** WHAT IS NEEDED **
Print the listing from its top line through the line containing "MSI LOGO BLANC 001", nothing more, and leave out the pictures.

** DATA SHOWN **
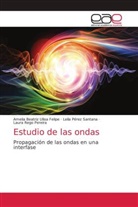 Leila Pérez Santana, Laura Rego Pereira, Amelia Beatriz Ulloa Felipe - Estudio de las ondas
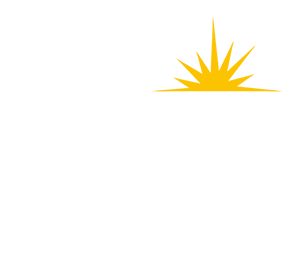 MSI LOGO BLANC 001
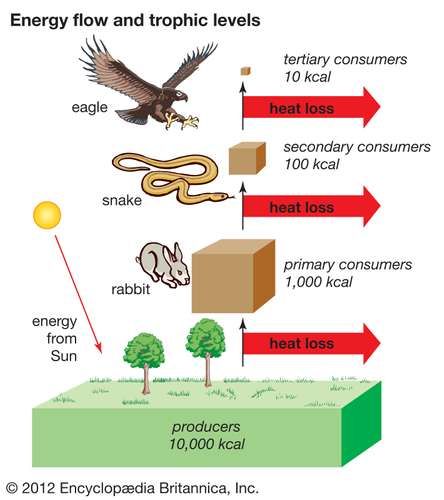 trophic level | Definition, Examples, & Facts | Britannica Energy Flow In Ecosystems, Igcse Biology, Trophic Level, Middle School Life, Energy Pyramid, Animal Life Cycles, Biology Resources, Biology Classroom, Nature Education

** FINISHED EXERCISE **
 Leila Pérez Santana, Laura Rego Pereira, Amelia Beatriz Ulloa Felipe - Estudio de las ondas
 MSI LOGO BLANC 001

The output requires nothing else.